First, How Does Encryption Work?
On a basic level, when data is encrypted, the information is taken and converted to essentially gibberish using an algorithm from software, or directly from the hardware in the case of self-encrypting drives (SED’s). Only the decryption key can then convert that data back into its original state so that it may be read. Otherwise, it remains gibberish eternal.
Password protection is just having a password without the encryption. This is the data security equivalent of hiding the key to your front door under the welcome mat. There are a ton of different ways cybercriminals can get through/around password protection, but having the data encrypted makes it way harder (read: nearly impossible) to access. Encryption algorithms are insanely complex compared to cracking a 10 character password.
For a greater understanding, there are presently two basic types of encryption, both with their own strengths and weaknesses. The first is known as symmetric encryption.
Symmetric encryption uses the same key to both encrypt and decrypt data, so both you and whoever you want to access the data possess the same key. This poses some security risks since it is a natural conclusion that the more people who hold the key, the more vulnerable the data is to infiltration and extraction. After all, a lock with many keys isn’t considered very secure. Unless we’re talking about the aforementioned SED’s, which use a form of symmetric encryption in the hardware. But they’re outliers.
Imagine you have a lockbox and have two keys made for the lock, one for you and one for whoever you need to share the contents with. You put your data in the lockbox, lock it up, and send it to your partner who can then open the lockbox with their copy of the key. This is symmetric encryption in a nutshell.
The second kind of encryption is known as, unsurprisingly, asymmetric encryption.
Asymmetric encryption uses different keys for encryption and decryption. The way it works is you have both a public key and a private key. You send your public key to whoever you want to have it, while keeping your private key secure on your own computer for only you to access. Your private key is the only thing that can decrypt data that was encrypted by your public key, and vice versa.
If someone wants to send you secure, encrypted data, they encrypt it using your public key and then send it to you.
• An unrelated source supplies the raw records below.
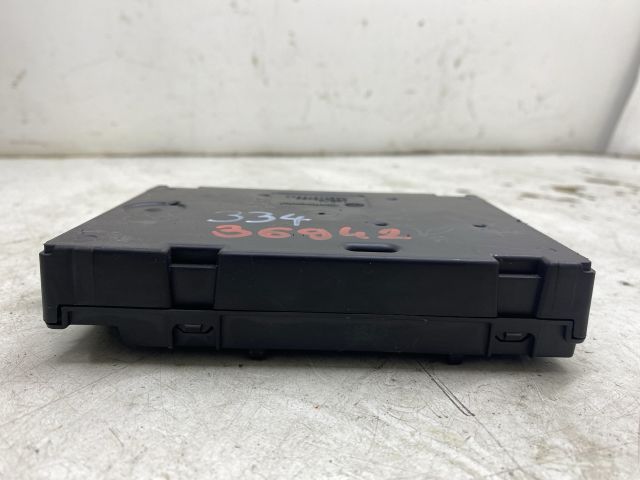 bontott RENAULT CLIO IV Komfort Elektronika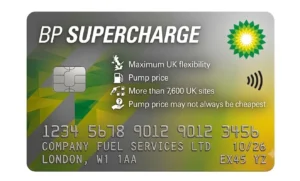 be supercharge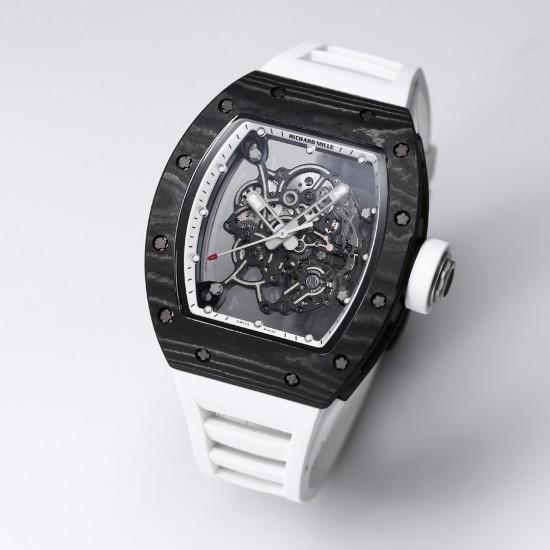 Richard Mille Watches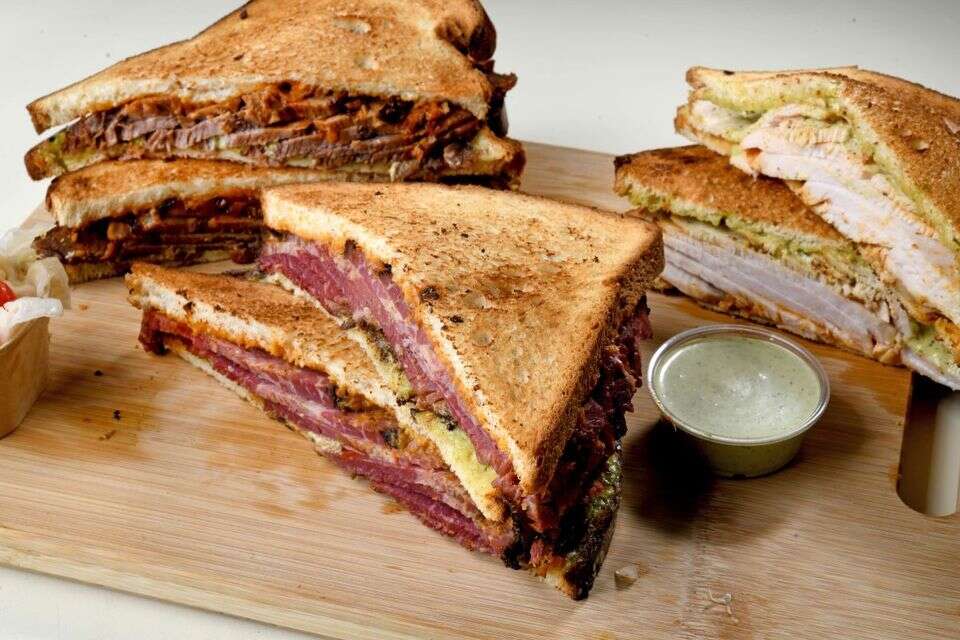 קולקציית כריכים של DADDY ,  רן בירן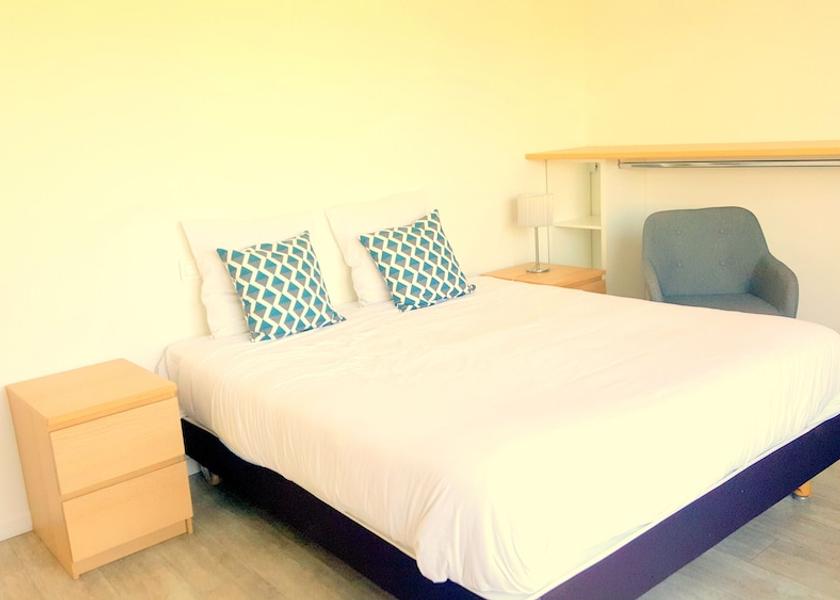 Provence-Alpes-Côte d'Azur Fréjus Room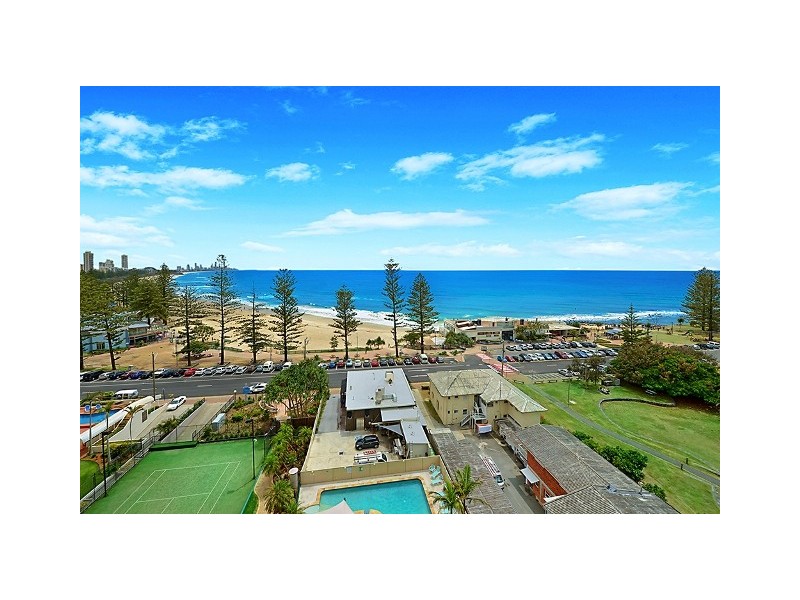 10C/52 Goodwin Terrace, Burleigh Heads QLD 4220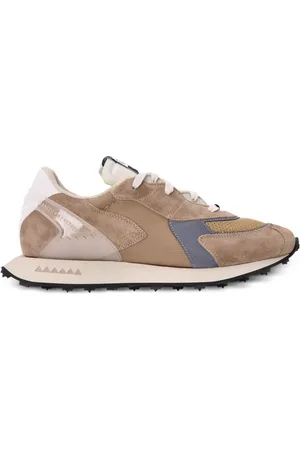 RUN OF Tenis bajos Hunter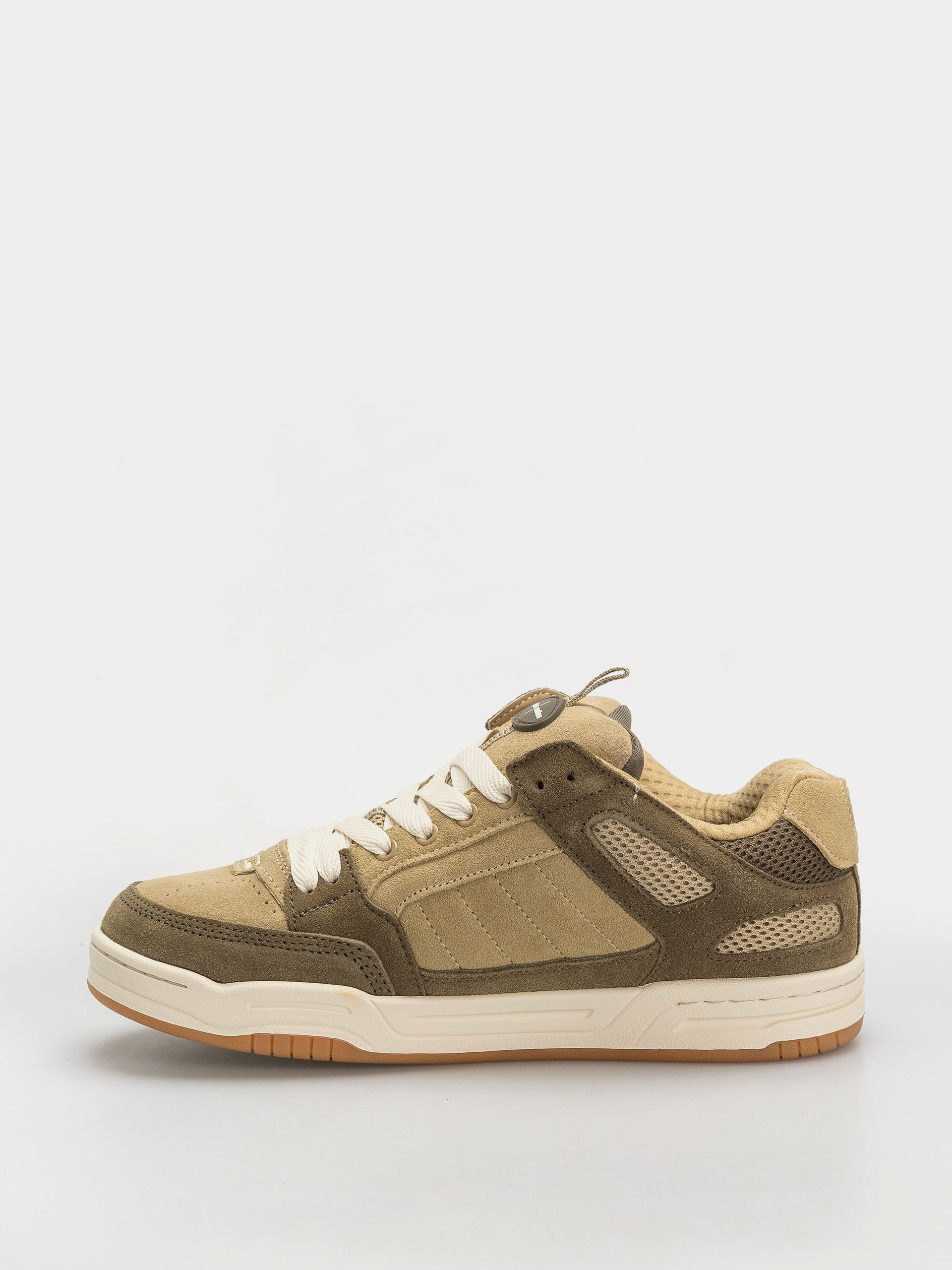 Globe Tilt Prime Schuhe (olive/sand/mullen)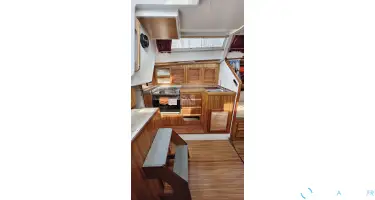 Cantieri Barberis Show 34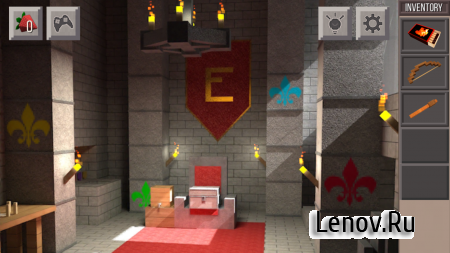 Can You Escape - Craft v 1.1  (Unlocked)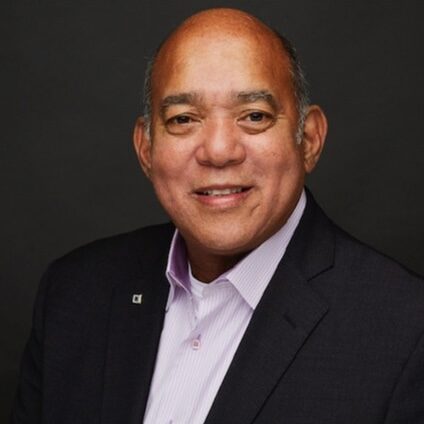 Photo of Mozelle Thompson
As you are the only one with access to your private key, you are the only one able to decrypt that data.
Likewise, if you want to send someone encrypted data, you use their public key to encrypt it and they use their private key to decrypt it.
To give a lockbox example, asymmetric encryption is like having multiple lockboxes, each unlockable only by the one unique key you possess. You send these lockboxes out to everyone you need encrypted data from. When they need to send you something, they use the lockbox you sent them, that’s your public key. They put the data in, shut the lockbox, and send it back to you. Since you’re the only one with the key to open it, your private key, it doesn’t matter if someone intercepts the lockbox, they won’t be able to get in.
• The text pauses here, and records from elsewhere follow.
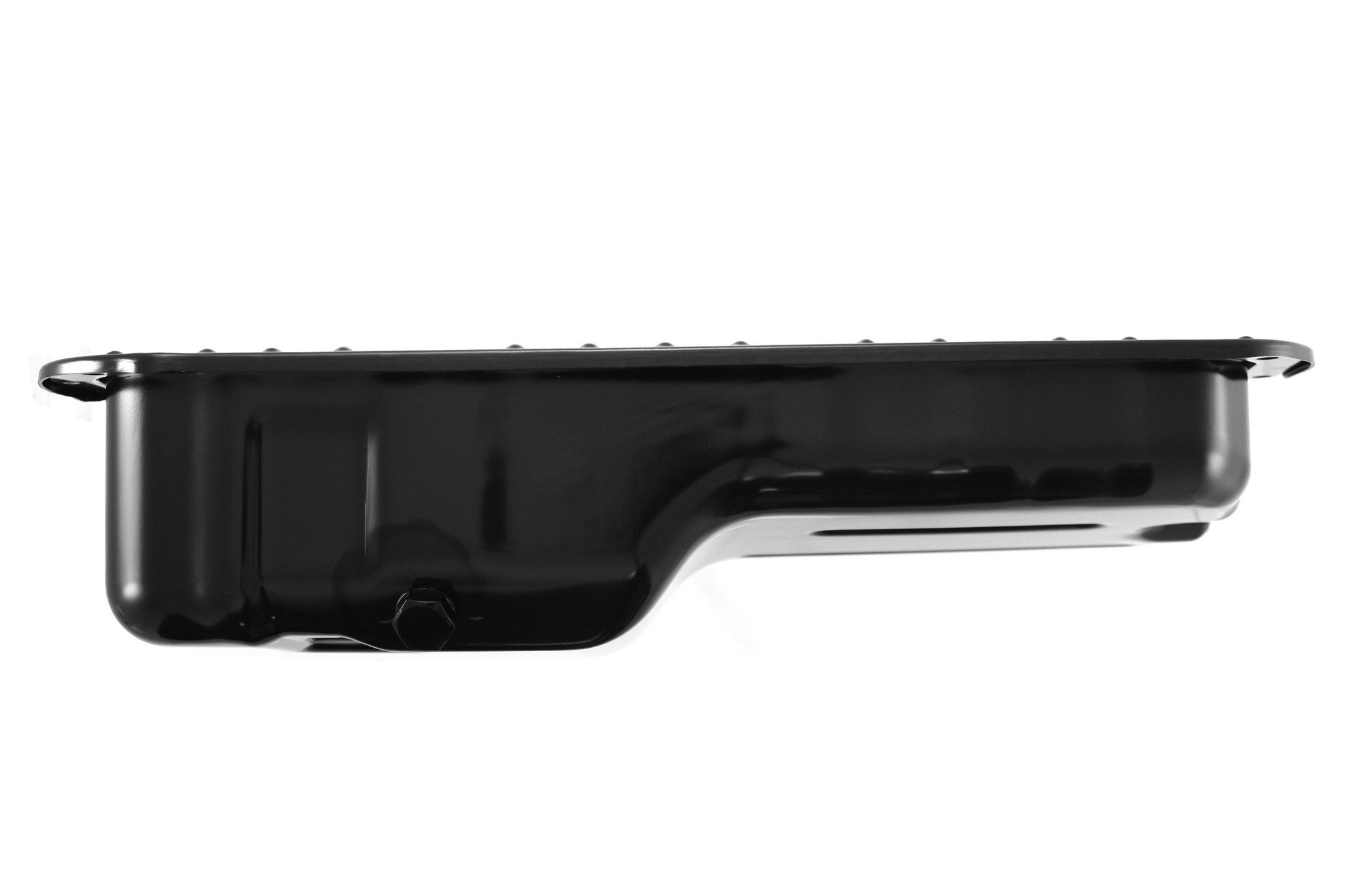 1997, 1996 Isuzu Oasis Engine Oil Pan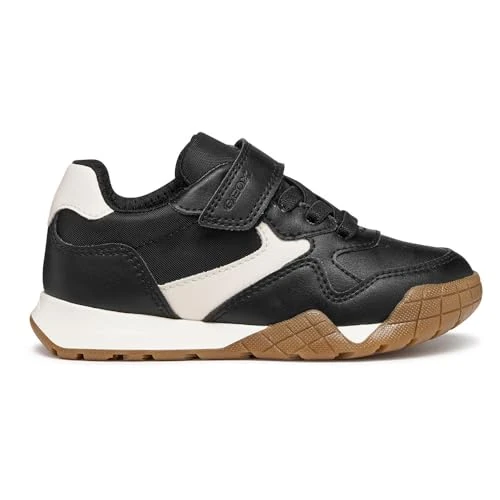 Oferta ograniczona: Geox Chłopcy J Rann-e BoyAdidasy z 162.00 EUR na 162.00 EUR (znizka 0%)
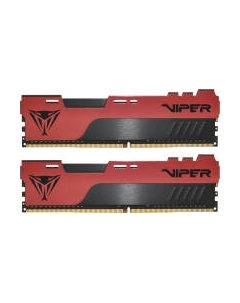 Оперативная память DDR4 Patriot PVE2464G360C0K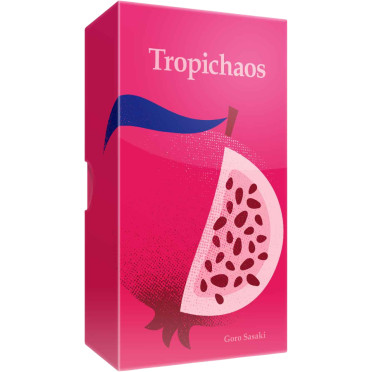 Tropichaos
One drawback of public-key encryption, or asymmetric encryption, is that it takes much longer to transfer large quantities of data than symmetric encryption.
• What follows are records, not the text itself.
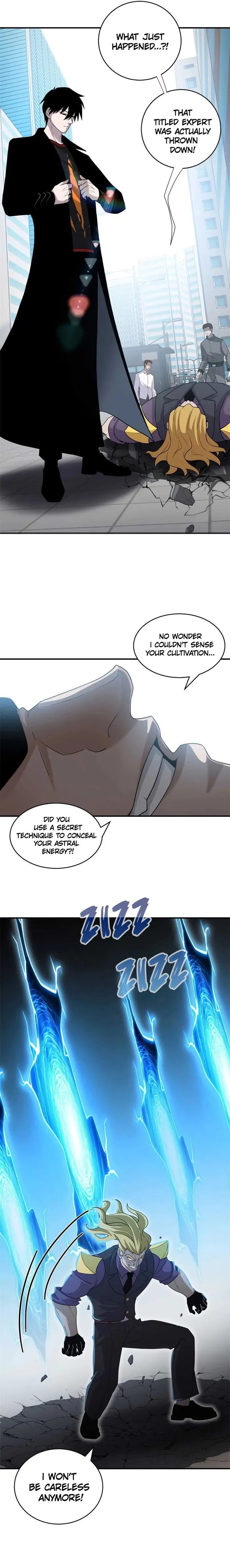 Read Astral Pet Store EN Manga Online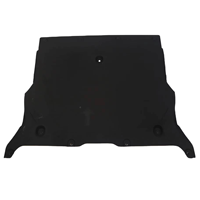 Protection inférieure du moteur avant, plaque de protection 1499151-00-C-M pour Tesla Model 3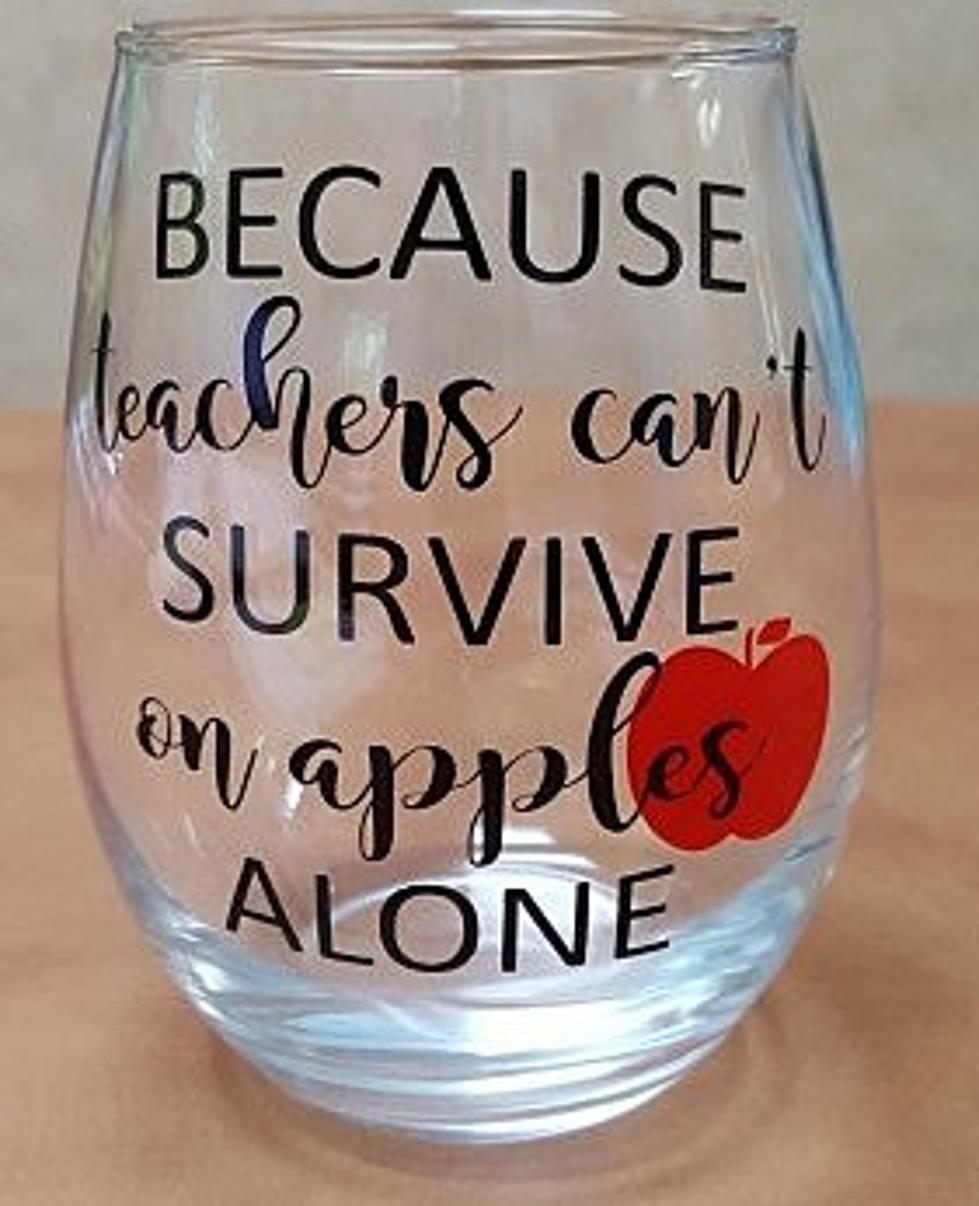 Teacher Appreciation Gifts Don’t Have to Be So Serious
Now, there are plenty of algorithms to dive into between the two so I won’t get into them here, but this article has some great information and history on the topic. This other article distinguishes between disk-based and file-based encryption. A word of caution: Falling down the encryption literature rabbit hole can lead to hours lost and the uneasy feeling that the more you read about it, the less you’ll actually understand.
Bonus: The coolest way to use asymmetric encryption between people (in my opinion), is as follows. First, you encrypt the data using your private key. Then you encrypt the data AGAIN using their public key. So now there’s two layers of encryption on the data. When they receive the data, they use their private key to remove the first layer. So far, they know the data was at least secure. Then they use your public key to remove the second layer. Because you used both, they now know that not only was the data secure, but also that you’re absolutely the one who sent it. Since you’re the only one with your private key, which you used to encrypt it the first time, you’re the one who had to send it. So it’s an authentic message and it was definitely secure. Pretty cool, huh? But I digress.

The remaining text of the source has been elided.